A-frogging I went. Man, it never really gets easier.

I decided the best way to handle my predicament was with math. This is probably a strange concept since this whole dilemma started by an aversion to math, but there it is.

I weighed my skein, measured my foot, then... made a gauge swatch. It is indeed the world's twee-est gauge swatch, and I felt ludicrous doing it, but it was informative. I got exactly 8 stitches to the inch, and if I were estimating, I would have said 6.5.




I plugged some numbers into a brilliant worksheet, and suddenly I was casting on for toe-up socks.

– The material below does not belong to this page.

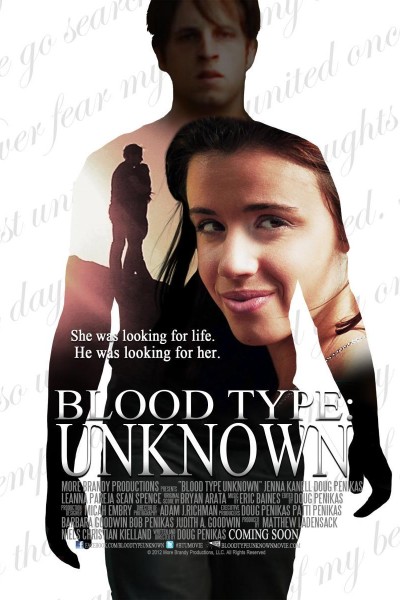 Caratula, cartel, poster o portada de Blood Type: Unknown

The pattern is brilliantly simple (Universal Toe-Up Sock Formula from Knitty, summer 2006). It began with a crochet cast-on, a short-row toe (interesting and very easy), then undoing the crochet, picking up the live stitches and working in the round. I mangled the crochet in unpicking it, but I didn't have any problems with the live stitches.



From there, I just zipped along. During a phone conversation with my mother and brother (they put me on speaker), I finished the foot. When I hung up, I turned the heel in literally a few minutes. I was amazed.

I weighed my sock at this point, minus the weight of the needles (can you tell that my digital scale is my new favorite toy?). It is 32.4 grams, leaving me 16.4 grams for the cuff, approximately 54 yards (I could explain all this math if you're really interested, but it involved cross-multiplying and ratios). I think that will be plenty.



I really love this yarn, which consistently surprises me. I see baseball, Americana, and sometimes the 1970s when I look at it. Occasionally it makes me think of clowns, and though I'm genuinely terrified of clowns, this yarn mitigates that and I just enjoy it. It ventures into that "so wrong it's right" territory for me, and for that, it's won my heart.

I also have unending love for this pattern and its adaptability. I carefully tried my sock on at the point of this last photo, and the fit is spot-on. It is exactly the right toe-to-heel distance and has a really enjoyable snugness. It probably helps that my foot has exact measurements of 9 inches circumference and 9.5 inches length. My worksheet yielded beautiful numbers (64 stitches, exactly 8 inches for the sole etc), which has only added to the pleasure.

I have skeins of two more sock yarns due to arrive soon, and I may use this pattern (or another toe-up) for both of those. I like not having to worry about yardage. I like it a lot.